Wanted: Five righteous persons in Sodom

Israel proteste

Demonstrations, strikes and warnings from Israel’s friends will not deter the gang that has seized power. It must be defeated in the Knesset, where it currently has 64 seats out of 120. Biblical Sodom needed 10 righteous persons in order to be spared; the Sodom of the coalition needs but five.

The stakes could hardly be higher: if the systemic coup is carried out, every Israeli will be in danger of being arrested in the middle of the night by a politicized police. This is not catastrophism but the clear lesson of history: the floodgates will open to abuses of all kinds: from confiscation of property, deportations, and oppression of minorities to rampant corruption and mayhem in the West Bank, which will quite likely lead to war. It will be a war in which many citizens will, for the first time, refuse to fight. Down this path, under an even worse government, lie executions.

The struggle against this mutation of Israel’s once-patriotic right wing is not really about debating the finer points of comparative constitutional law with the intellectuals of the Kohelet Forum. Israel is not Denmark, and its potential future leaders are not Hamlets who will agonize before abusing limitless powers. In Benjamin Netanyahu and his Rasputinesque justice minister, Yariv Levin, we’re dealing with people far closer to Vladimir Putin.

They do not want Israel as it is today – a country allied with the democratic West. And if they should succeed, they will most certainly get their wish: Europe, the US and most American Jews will abandon the Jewish state, its high-tech community will gradually depart and the country in time will become a backwater. It will be a new society altogether whose future will be, as described by the philosopher Thomas Hobbes, “solitary, poor, nasty, brutish, and short.” Enemies will overrun it.

This is happening because populist demagogues who view the judicial system as a barrier to their corruption and greed have taken maximal advantage of the incompetence of Israel’s center-left politicians, who through divisions and ham-handedness have managed to gift them their Knesset majority.

And yet, the plot to transform Israel into an authoritarian state is vehemently opposed by almost the entire productive sector of the country – a vast majority of those responsible for the technology and science that underpin the economic miracle that has brought prosperity, security, international status and a per capita GDP higher than that of France. (The latter is due to the exchange rate of the shekel, which will collapse.)

It cannot be allowed to succeed. There must be no “override clause” canceling court decisions by a simple majority, no politicization of the courts and civil service, and no weakening of anti-corruption legislation.

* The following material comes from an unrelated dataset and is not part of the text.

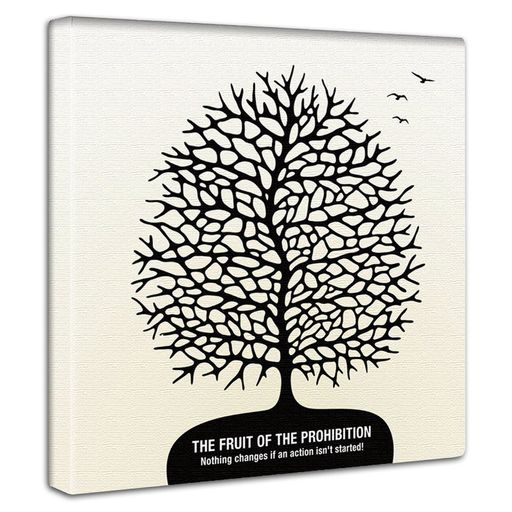 木モダンアートパネル30cmx30cm日本製ポスターおしゃれインテリア模様替えリビング内装モノクロシンプ..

There is, alas, nothing to discuss with the Haredi parties and the fascist right. But five members of the Likud Party will be enough. I have the candidates:

  1. Yuli Edelstein: You know, as someone who fled the Soviet Union where your family knew oppression, what a dictatorship looks like. You served as Speaker of the Knesset – a position of seriousness and responsibility. You cannot possibly want to see Israel as a Stalinist country.
  2. Danny Danon: You, who were the ambassador to the United Nations, surely understand the challenges facing Israel in the international arena, and how things would look if its only allies were Putin and Viktor Orban. You cannot want diplomatic isolation that would quickly become a security danger.
  3. Nir Barkat: You, who made many millions from technology, surely hear the cries of the scientific and entrepreneurial communities – and know that investors will not sink money into an unstable fake-democracy whose government is loathed by many of its citizens. And you cannot want to see Israel impoverished.
  4. Yoav Galant: You, who were a general and almost Chief of Staff, surely understand the danger to security if half of the population feels that the country has lost its way. You know that Israel’s enemies have been waiting for this moment and rejoice at its transformation into a Jewish version of Turkey, which would be a much weaker country.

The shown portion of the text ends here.